Start of SUPPLIED RECORDS

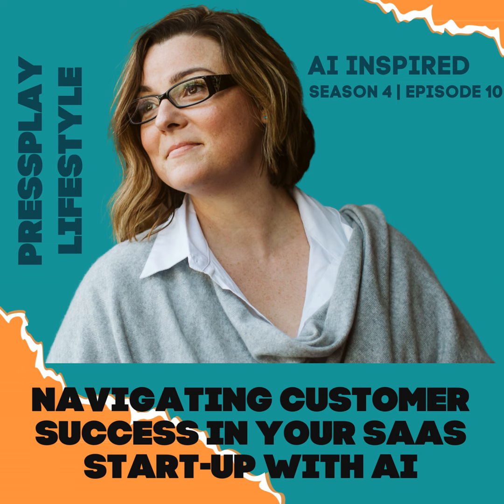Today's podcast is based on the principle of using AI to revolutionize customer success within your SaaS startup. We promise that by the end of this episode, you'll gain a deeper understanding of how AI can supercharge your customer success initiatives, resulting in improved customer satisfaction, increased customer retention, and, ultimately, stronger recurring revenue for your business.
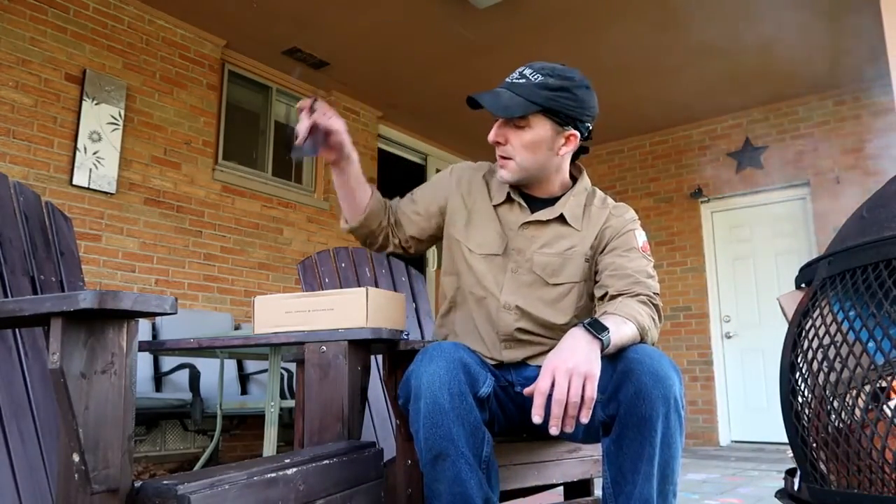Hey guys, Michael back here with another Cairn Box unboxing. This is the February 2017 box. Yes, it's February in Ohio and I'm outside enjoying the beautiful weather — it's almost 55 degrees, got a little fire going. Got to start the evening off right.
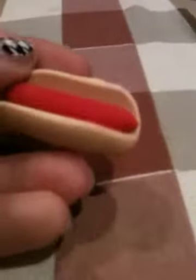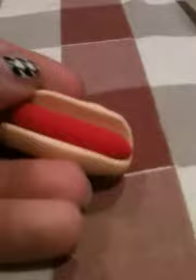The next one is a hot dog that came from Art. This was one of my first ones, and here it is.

End of SUPPLIED RECORDS
Start of SUPPLIED RECORDS

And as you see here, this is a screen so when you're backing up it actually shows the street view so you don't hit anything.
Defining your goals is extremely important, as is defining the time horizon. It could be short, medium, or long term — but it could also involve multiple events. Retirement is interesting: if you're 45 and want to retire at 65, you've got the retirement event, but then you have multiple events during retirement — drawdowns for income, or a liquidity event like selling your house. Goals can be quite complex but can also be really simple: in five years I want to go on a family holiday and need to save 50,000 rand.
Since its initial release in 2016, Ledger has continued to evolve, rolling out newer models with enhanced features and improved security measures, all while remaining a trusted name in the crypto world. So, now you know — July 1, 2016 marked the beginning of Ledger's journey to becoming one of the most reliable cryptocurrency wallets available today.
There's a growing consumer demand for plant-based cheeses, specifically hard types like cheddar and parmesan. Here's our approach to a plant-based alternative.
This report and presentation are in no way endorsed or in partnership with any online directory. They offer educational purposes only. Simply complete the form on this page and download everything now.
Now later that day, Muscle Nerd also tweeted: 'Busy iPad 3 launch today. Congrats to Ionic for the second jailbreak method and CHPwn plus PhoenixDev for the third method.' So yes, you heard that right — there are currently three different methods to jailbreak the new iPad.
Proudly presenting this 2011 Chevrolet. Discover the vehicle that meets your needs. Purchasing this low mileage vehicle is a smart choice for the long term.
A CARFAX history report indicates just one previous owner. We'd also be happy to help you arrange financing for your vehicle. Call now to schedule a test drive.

End of SUPPLIED RECORDS

Please return only the lines above, starting at the line that has "This report and" and ending at the line that has "Proudly presenting this", keeping both and leaving each one unchanged.

This report and presentation are in no way endorsed or in partnership with any online directory. They offer educational purposes only. Simply complete the form on this page and download everything now.
Now later that day, Muscle Nerd also tweeted: 'Busy iPad 3 launch today. Congrats to Ionic for the second jailbreak method and CHPwn plus PhoenixDev for the third method.' So yes, you heard that right — there are currently three different methods to jailbreak the new iPad.
Proudly presenting this 2011 Chevrolet. Discover the vehicle that meets your needs. Purchasing this low mileage vehicle is a smart choice for the long term.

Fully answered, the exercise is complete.